------ Data to process

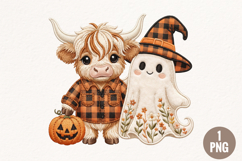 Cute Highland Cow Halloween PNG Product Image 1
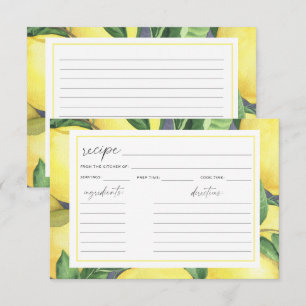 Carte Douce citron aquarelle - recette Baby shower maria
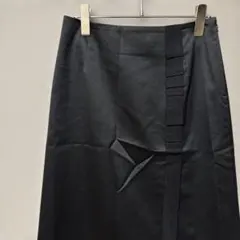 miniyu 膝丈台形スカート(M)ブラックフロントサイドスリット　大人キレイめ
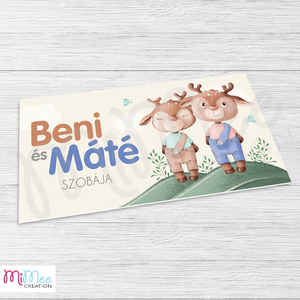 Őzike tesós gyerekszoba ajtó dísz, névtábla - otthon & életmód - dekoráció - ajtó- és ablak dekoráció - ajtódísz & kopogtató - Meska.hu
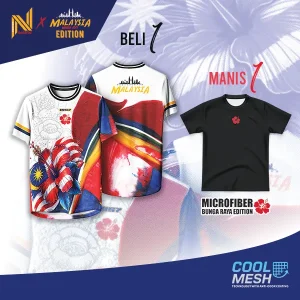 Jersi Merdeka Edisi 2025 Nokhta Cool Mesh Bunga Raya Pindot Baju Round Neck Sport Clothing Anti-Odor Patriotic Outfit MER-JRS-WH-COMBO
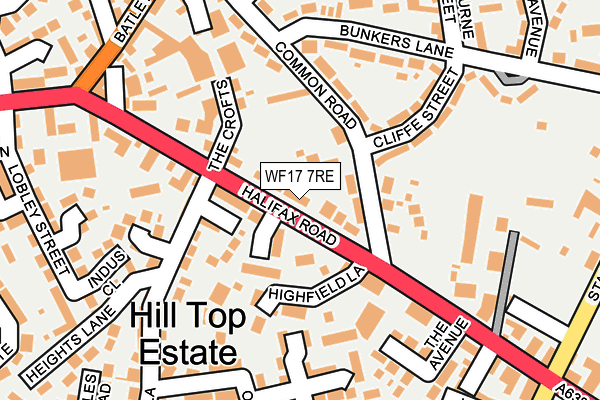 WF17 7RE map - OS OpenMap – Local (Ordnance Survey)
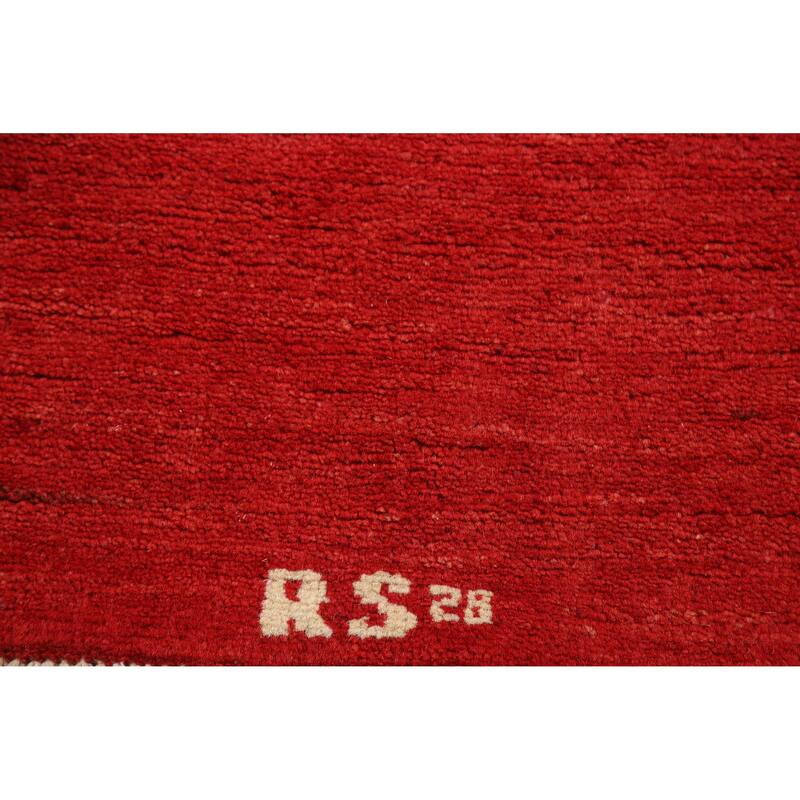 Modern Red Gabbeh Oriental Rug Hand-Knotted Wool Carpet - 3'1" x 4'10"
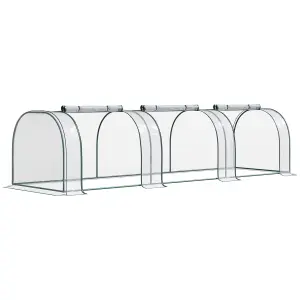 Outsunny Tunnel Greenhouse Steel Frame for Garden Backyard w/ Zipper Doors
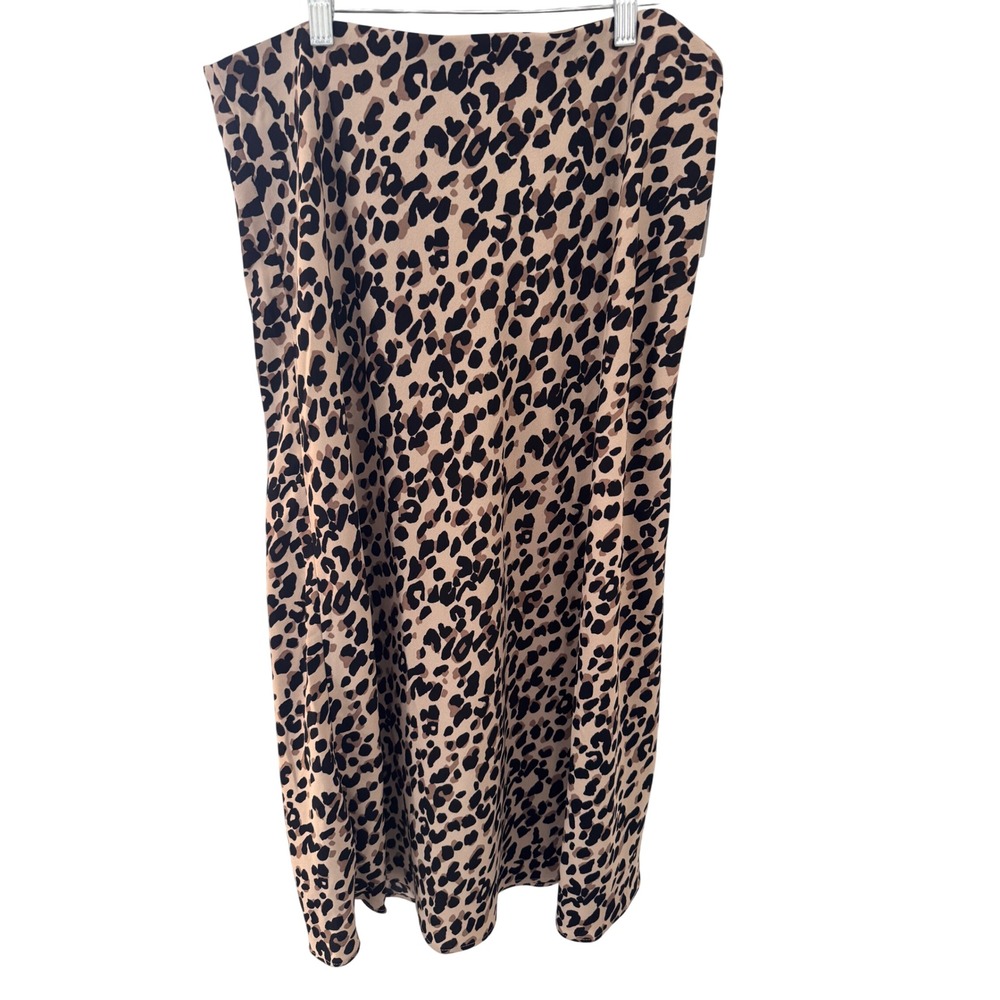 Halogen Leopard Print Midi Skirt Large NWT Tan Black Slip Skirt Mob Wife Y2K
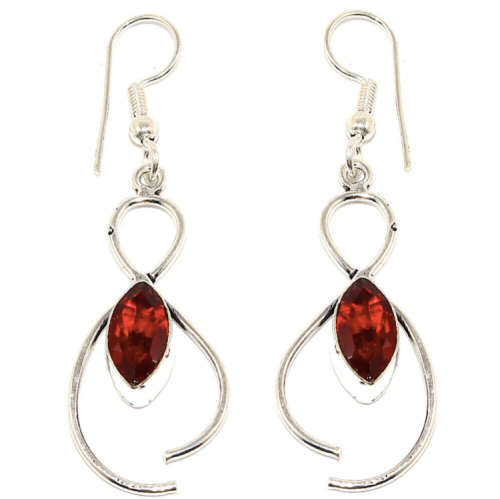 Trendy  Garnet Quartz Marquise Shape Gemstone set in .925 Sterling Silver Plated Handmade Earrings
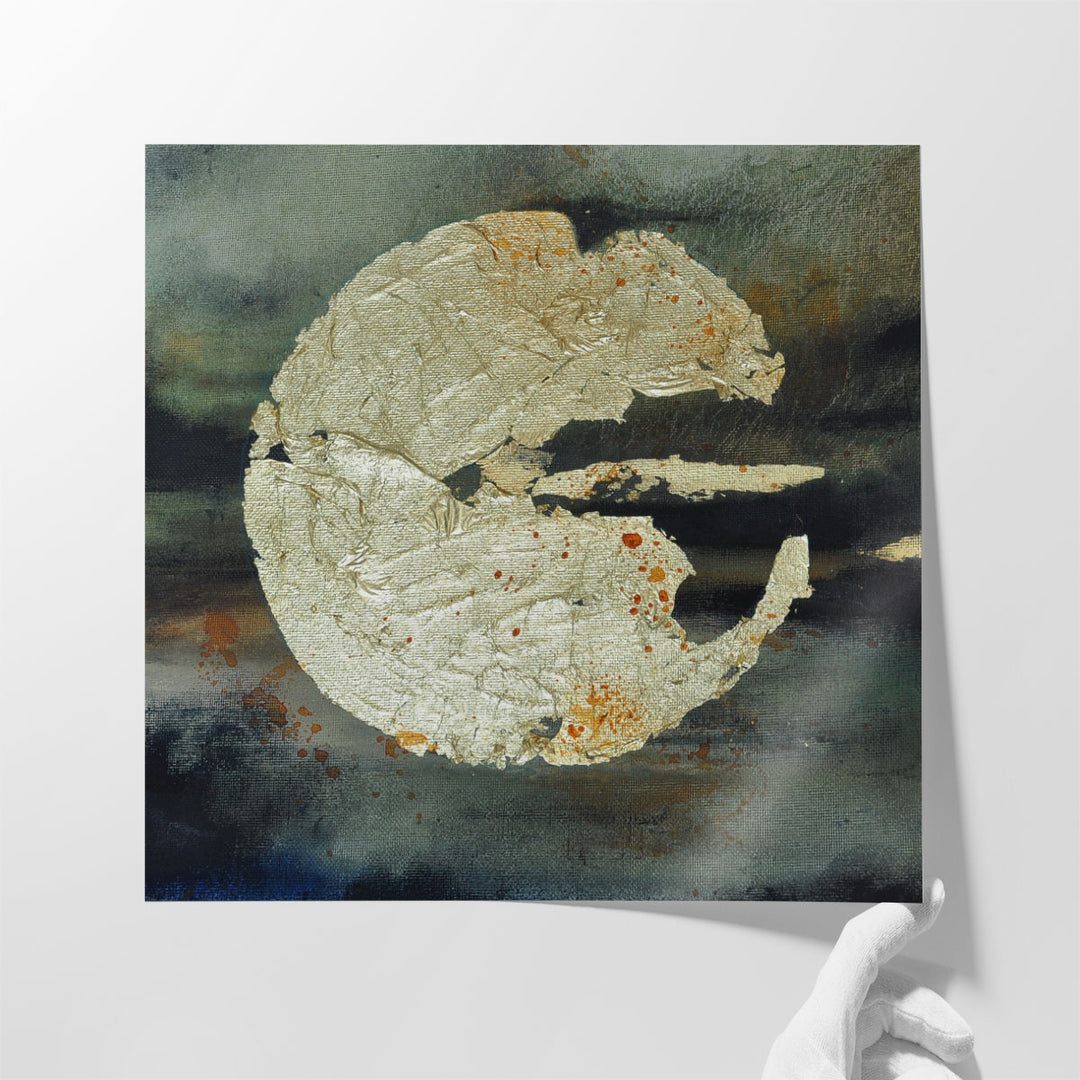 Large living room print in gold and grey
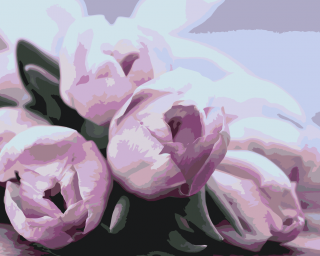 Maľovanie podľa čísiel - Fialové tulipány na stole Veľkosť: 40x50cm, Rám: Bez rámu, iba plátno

------------
------ Data to process

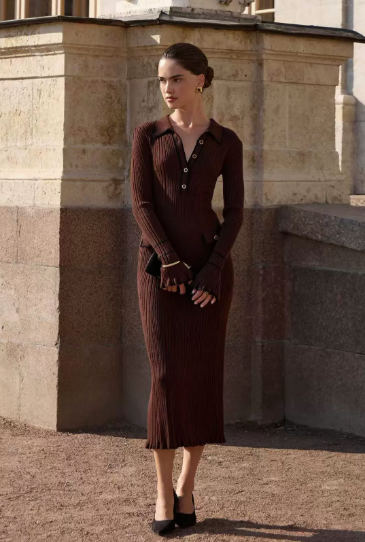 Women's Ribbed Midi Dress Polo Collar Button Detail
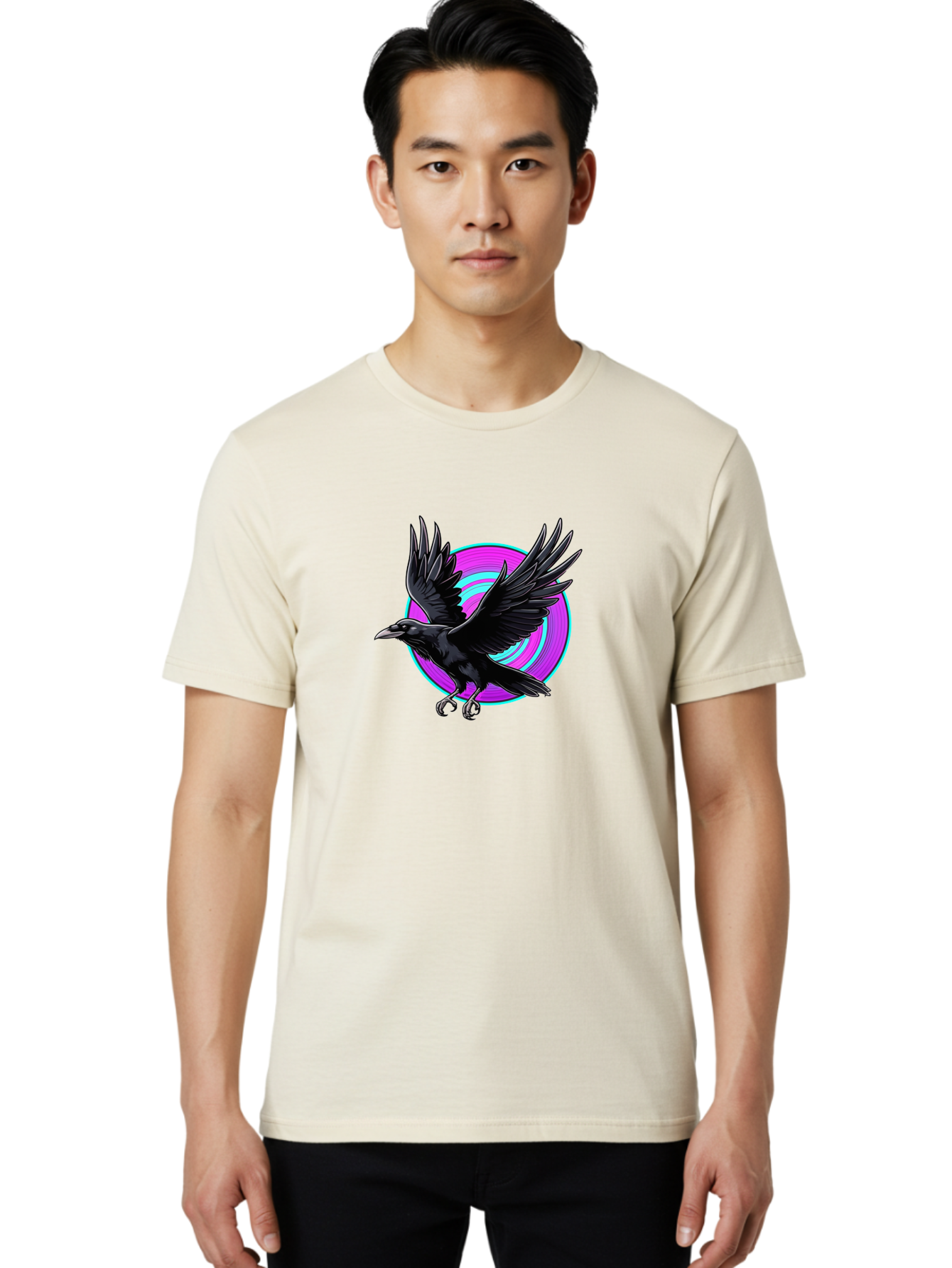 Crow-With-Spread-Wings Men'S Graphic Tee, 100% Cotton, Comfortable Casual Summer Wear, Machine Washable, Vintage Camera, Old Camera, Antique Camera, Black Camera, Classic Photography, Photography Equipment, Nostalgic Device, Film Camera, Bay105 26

------------
------ Data to process

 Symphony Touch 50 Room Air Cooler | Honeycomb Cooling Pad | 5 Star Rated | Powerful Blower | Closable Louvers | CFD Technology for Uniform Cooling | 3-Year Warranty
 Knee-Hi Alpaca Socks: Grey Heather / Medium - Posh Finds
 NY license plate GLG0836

------------

▶ _Problem to solve_
Each line in the listing above from the one containing "Knee-Hi Alpaca Socks: Grey" through the one containing "NY license plate GLG0836" should be repeated exactly, and no other line.

▶ _Your response_
 Knee-Hi Alpaca Socks: Grey Heather / Medium - Posh Finds
 NY license plate GLG0836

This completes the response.